# Conducting an orchestra



## conductor (May 20, 2013)

Hello from Germany,

I´ve joined v.i.control forum today looking and I´m forward to inspiring and interesting new contacts. I am a conductor and have been working with several composers recording music for movies, games and event companies. 

If You have any questions about conducting or orchestrations - You´re welcome to ask me.

Best regards to everybody

Bernhard


----------



## franto (Jun 5, 2013)

Welcome Bernhard to the forum! It's nice to have conductor here and be able to gain knowledge from this field, at least for me as selftrained orchestral hobbyist composer  Enjoy the f!orum


----------



## Frederick Russ (Jun 5, 2013)

conductor @ Mon May 20 said:


> Hello from Germany,
> 
> I´ve joined v.i.control forum today looking and I´m forward to inspiring and interesting new contacts. I am a conductor and have been working with several composers recording music for movies, games and event companies.
> 
> ...



Great to have you on the forum. When you can, please tell us more about your experiences, thanks.


----------



## conductor (Jun 15, 2013)

Hi Frederick,

thanks for the reply! My very good friend Hendrik Schwarzer told me about v.i.control, and I am glald to be here.
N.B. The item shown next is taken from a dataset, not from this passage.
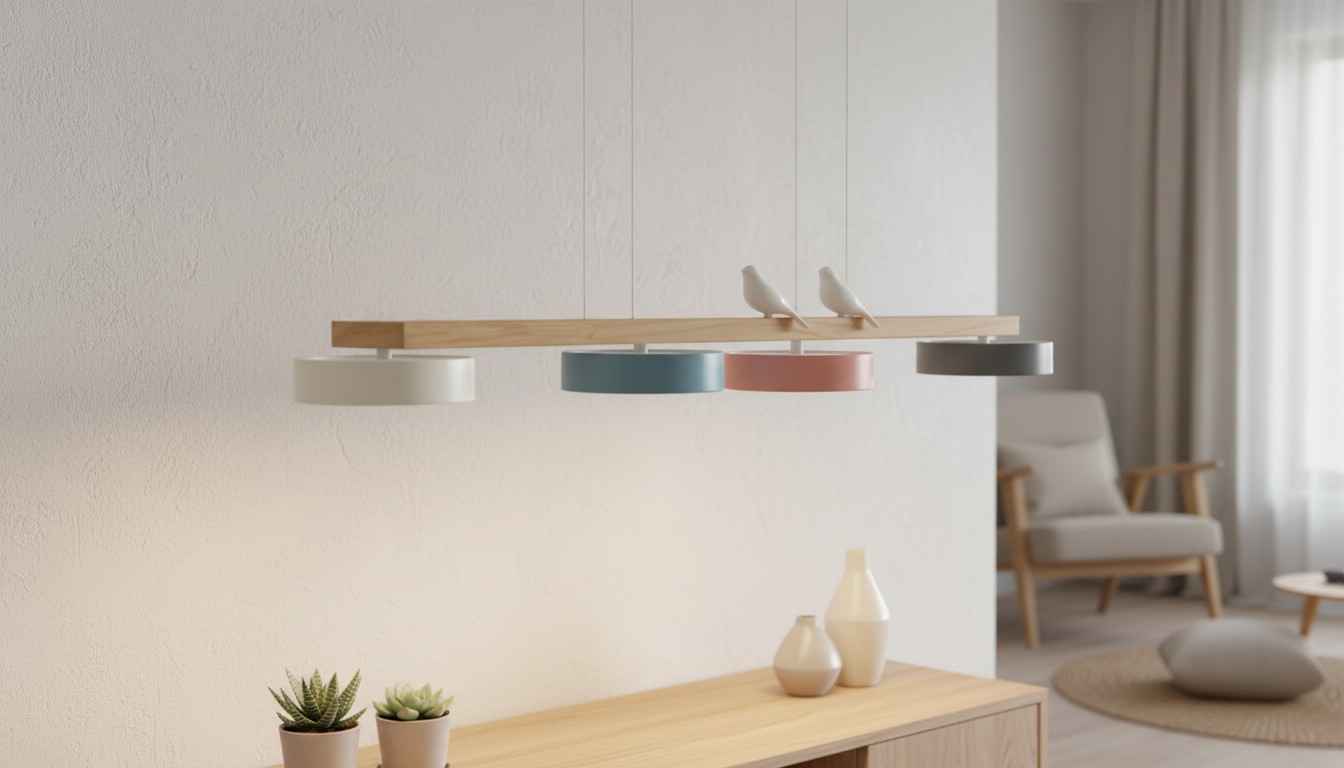 Sienna Bird Linear Chandelier in een woonkamer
I think that the experience to work with a symphonic orchestra gives even to composers who work just with libraries a big amount of new ideas, inspiration and sound experience. 

Therefor this weekend I will announce a conducting masterclass in july, where composers can record a short piece of their own - and I am really looking forward which the reactions will be! 

Have a nice day and best regards

Bernhard


----------



## franto (Jun 15, 2013)

Wow Bernhard, that sounds interesting!


----------